Dataset excerpts:
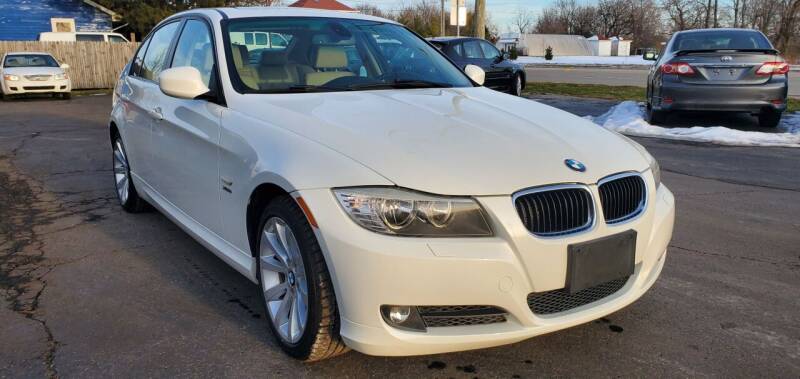2011 BMW 3 Series for sale at Sinclair Auto Inc. in Pendleton IN
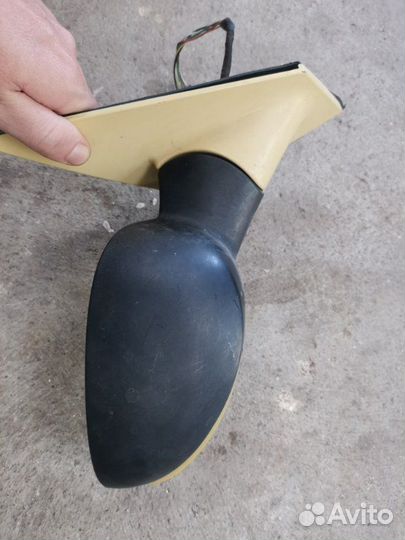 Зеркало заднего вида боковое правое Chery Qq6 S21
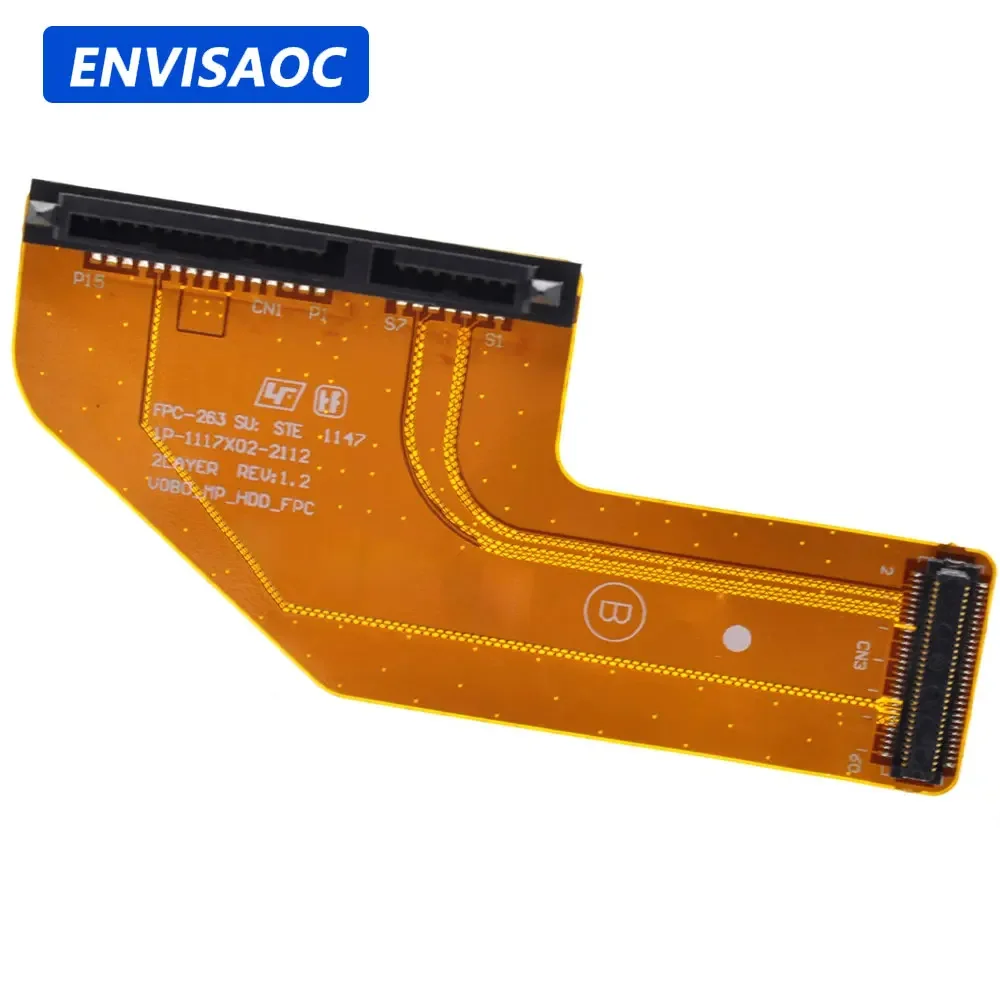 

For Sony VPCSE VPC-SE VPCSE17 PCG-41411P PCG-41412L Laptop SATA Hard Drive HDD SSD Connector Flex Cable FPC-263 1P-1117X02-2112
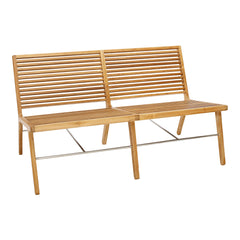 RIB Outdoor Lounge Bench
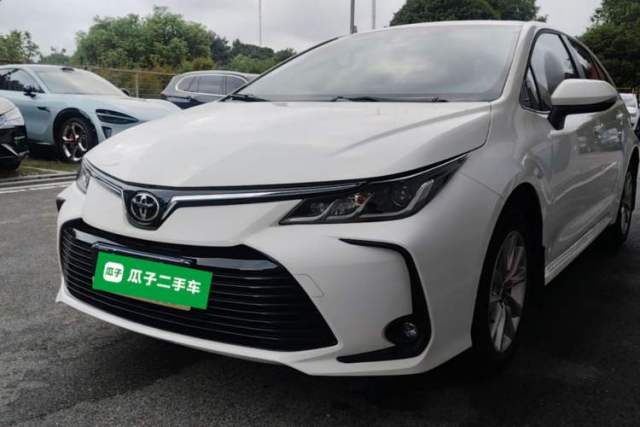 Used Toyota Corolla 2024 1.2T Elite Edition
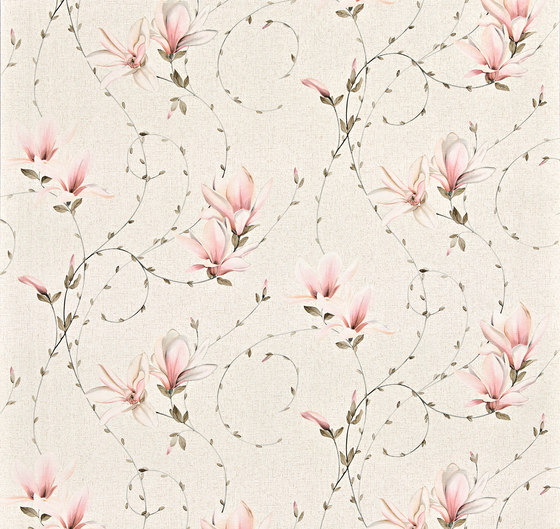 STATUS - Flower wallpaper EDEM 902-16 | Wall coverings / wallpapers | e-Delux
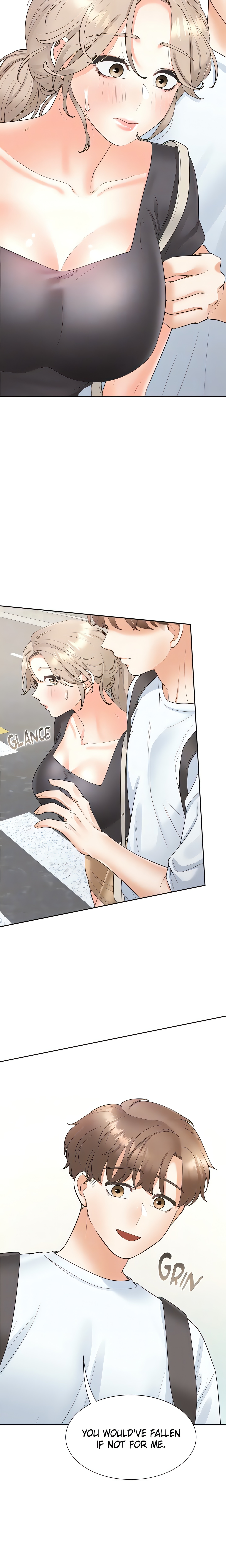 Bunk Bed (Official) chapter 73 page 19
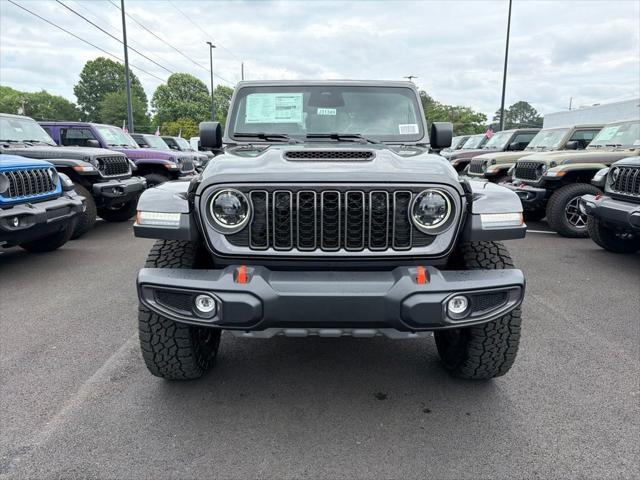 2026 Jeep Gladiator GLADIATOR MOJAVE 4X4 2026 Jeep Gladiator GLADIATOR MOJAVE 4X4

Prompt —
What you write must match, line for line, the lines from the one with "Used Toyota Corolla 2024 1.2T Elite Edition" through the last line of the data above, minus the pictures.

Expected answer —
 Used Toyota Corolla 2024 1.2T Elite Edition
 STATUS - Flower wallpaper EDEM 902-16 | Wall coverings / wallpapers | e-Delux
 Bunk Bed (Official) chapter 73 page 19
 2026 Jeep Gladiator GLADIATOR MOJAVE 4X4 2026 Jeep Gladiator GLADIATOR MOJAVE 4X4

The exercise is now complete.